One of our longest standing clients, Wolcen Studios, have publicly released their epic fantasy ARPG Wolcen: Lords of Mayhem, the culmination of five years’ collaboration between Wolcen Studio and Kythera AI.

Wolcen, built with CryEngine, was the first game to use a Kythera AI integration, and as such many of our core features have been developed in close communication with the Wolcen team. In this post, we’d like to give you a little insight into the technical aspects of what Kythera AI is being used for in Wolcen.

Not all AI techniques focus on NPCs. For example, Wolcen’s point-and-click player movement means that AI navigation is at the core of your experience as a player – every click creates an AI task for the player character that has to be resolved smoothly in a way that maintains the feel of the game. The hero is essentially an AI agent being  commanded to follow directions, a task that becomes more complicated when interacting with crowds of other AIs. 

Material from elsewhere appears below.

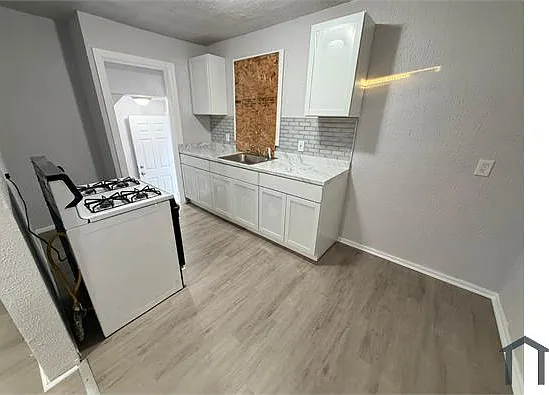 3 bed, 1244 sqft, $1,695 — Photo 2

Similarly, our dynamic navmesh generation has been a huge enabler for the Wolcen developers. Procedural dungeon levels can be created without having to worry about navmesh markup as Kythera will create the mesh at runtime, even going on to create and destroy tiles if the terrain changes during gameplay. Our spatial query system finds appropriate points to spawn monsters and treasure, and will stop monsters getting stuck. This automation of what would traditionally have been manual markup tasks for level designers has given the Wolcen team more scope to experiment and develop their game's unique system of dungeon generation.

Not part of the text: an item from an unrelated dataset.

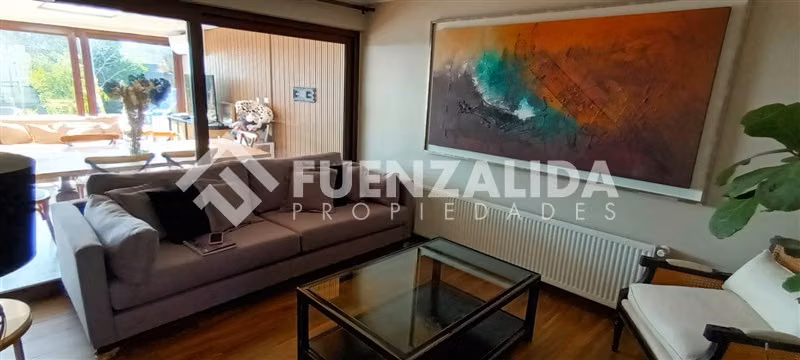 Casa en Venta de 4 Dorm. 3 Baños, en La Florida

Contextual steering allows groups of characters to move fluidly around complex terrain with seamless collision avoidance. Using a system inspired by the classic ‘boids’ mechanism, individuals consider the movement of all of their neighbours, moving as a flock and preserving overall momentum. This is actually more difficult for ground-based movement than it is for flight – without the freedom of 3D movement, characters will tend to pile up against walls. Kythera’s handling of this gives control back to the designers, allowing them to create fast, agile hordes of enemies like the demonic Svriir:

As the game involves a variety of friendly NPCs, we’ve had to optimise our AI both for these supporting characters and for the enemies they face – targeting, for example, is a very different problem when the enemies are fighting multiple friendlies. In many cases we’ve used modular features that can be configured both for enemies and friendlies.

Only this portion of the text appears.